Government officials, and many other Americans, discovered the connection between racial problems and Cold War politics. As the leader of the free world, the United States sought support in Africa and Asia. Discrimination at home impeded the effort to win friends in other parts of the world.
Harry Truman supported the civil rights movement. He believed in political equality, though not in social equality, and recognized the growing importance of the black urban vote. When apprised in 1946 of lynchings and other forms of mob violence still practiced in the South, he appointed a committee on civil rights to investigate discrimination based on race and religion. The report, issued the next year, documented blacks' second-class status in American life.
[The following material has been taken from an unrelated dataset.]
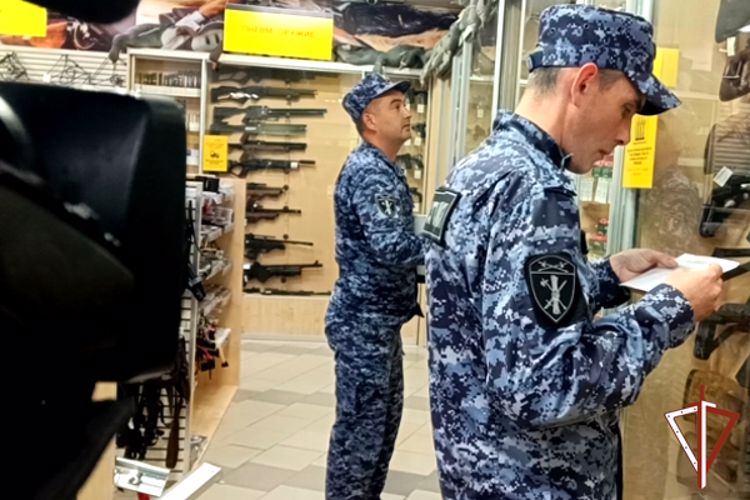 Росгвардия рассказала журналистам о проверках оружейных магазинов в Зауралье (видео)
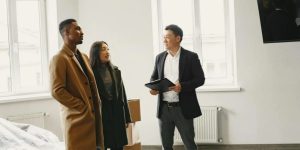 Faut-il se faire aider par un courtier immobilier pour acheter une propriété?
It asserted the need for the federal government to secure the rights guaranteed to all citizens.
Truman responded by sending a 10-point civil rights program to Congress. When Southern Democrats, angry about a stronger civil rights stance, left the party in 1948, Truman issued an executive order barring discrimination in federal employment, ordered equal treatment in the armed forces and appointed a committee to work toward an end to military segregation. The last military restrictions ended during the Korean War.
Blacks in the South enjoyed few, if any, civil and political rights. More than 1 million black soldiers fought in World War II, but those who came from the South could not vote. Blacks who tried to register faced the likelihood of beatings, loss of job, loss of credit or eviction from their land. Lynchings still occurred, and Jim Crow laws enforced segregation of the races in street cars, trains, hotels, restaurants, hospitals, recreational facilities and employment.